Heart

Thursday, September 10, 2015

First Photopheresis

Well it happened...and it was quite an experience.  We get down to the lab and there is a long row of beds with all this equipment next to them. Picture a comfortable morgue.  The nurse tried to forewarn Graham of what was about to happen to him, but I don't think he could have ever prepared himself for this.  Let me just start out saying, Graham has a HIGH tolerance for pain.  I mean, there really wasn't much complaining after transplant where they cut you open, crack your ribs, take out some lungs and put more in.  All he would say was that he was "uncomfortable."

So the nurse gets out this needle that, I kid you not, is not much smaller than the meat thermometer you use on a turkey.  Graham's eyeballs almost popped out of his head.  Next thing I know, I'm up and running to hold his hand and lord have mercy he has a strong grip.  His feet could not stop wiggling and he went from a nice olive skin tone to being camouflaged with the white sheet.  The Nurse had to shove with a LOT of pressure, this big old needle through his skin and port, straight to the catheter.  Graham's pain level was a perfect unhappy face 10.  I felt so bad for him.  He said he literally went to another realm of mind and spirit.  First pain, then nausea, then a tingly cold feeling; he decided to just be still and get through it.

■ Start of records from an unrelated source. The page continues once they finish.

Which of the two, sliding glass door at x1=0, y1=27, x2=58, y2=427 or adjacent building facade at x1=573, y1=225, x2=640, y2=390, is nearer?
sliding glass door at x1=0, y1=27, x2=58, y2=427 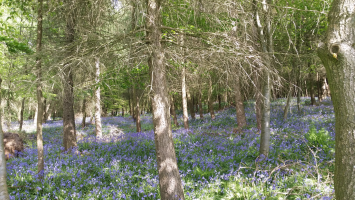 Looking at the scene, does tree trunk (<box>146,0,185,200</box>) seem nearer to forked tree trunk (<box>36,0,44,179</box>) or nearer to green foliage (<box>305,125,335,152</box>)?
forked tree trunk (<box>36,0,44,179</box>)

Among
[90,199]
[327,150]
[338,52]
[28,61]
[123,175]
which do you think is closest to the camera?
[338,52]

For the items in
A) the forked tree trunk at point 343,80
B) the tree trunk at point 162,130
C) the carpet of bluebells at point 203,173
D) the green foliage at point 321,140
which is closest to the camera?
the forked tree trunk at point 343,80

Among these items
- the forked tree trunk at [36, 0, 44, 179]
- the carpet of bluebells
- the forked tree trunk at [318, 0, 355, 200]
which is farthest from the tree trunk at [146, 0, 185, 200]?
the forked tree trunk at [36, 0, 44, 179]

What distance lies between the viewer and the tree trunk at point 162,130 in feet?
13.1

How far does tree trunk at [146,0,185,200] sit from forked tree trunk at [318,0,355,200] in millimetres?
2480

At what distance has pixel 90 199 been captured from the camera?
4461mm

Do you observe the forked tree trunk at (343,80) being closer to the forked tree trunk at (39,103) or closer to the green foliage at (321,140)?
the green foliage at (321,140)

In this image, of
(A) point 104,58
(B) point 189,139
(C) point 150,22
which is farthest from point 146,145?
(C) point 150,22

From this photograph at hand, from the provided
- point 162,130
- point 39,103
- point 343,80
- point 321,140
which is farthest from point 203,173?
point 39,103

This is when I realized just how funny God's sense of humor is.  The master match maker made sure he put a hemophobic (fear of blood) girl with a chronically ill boy.  Today, this girl had to watch blood being cycled out of her boy.  I didn't pass out, but I almost did; and I kept my cookies, though dry heaving was involved.  But I made it without a single code purple!  Here are these 4 men and 1 woman getting these big ass needles put in them and feeling cold and tingly, and I'm over on Graham's bed, healthy, but shaking and moaning.  Such a funny God! 

Graham is feeling well this evening.  And no, it's not from the treatment; that will take a couple of weeks.  But we are now working on 2 days of normal heart rate, normal blood pressure, and normal eating.  He still can't get up and move, but going to the bathroom or getting up to wash his hands is no longer a painful chore. 

I know he is dreading that needle tomorrow - poor guy!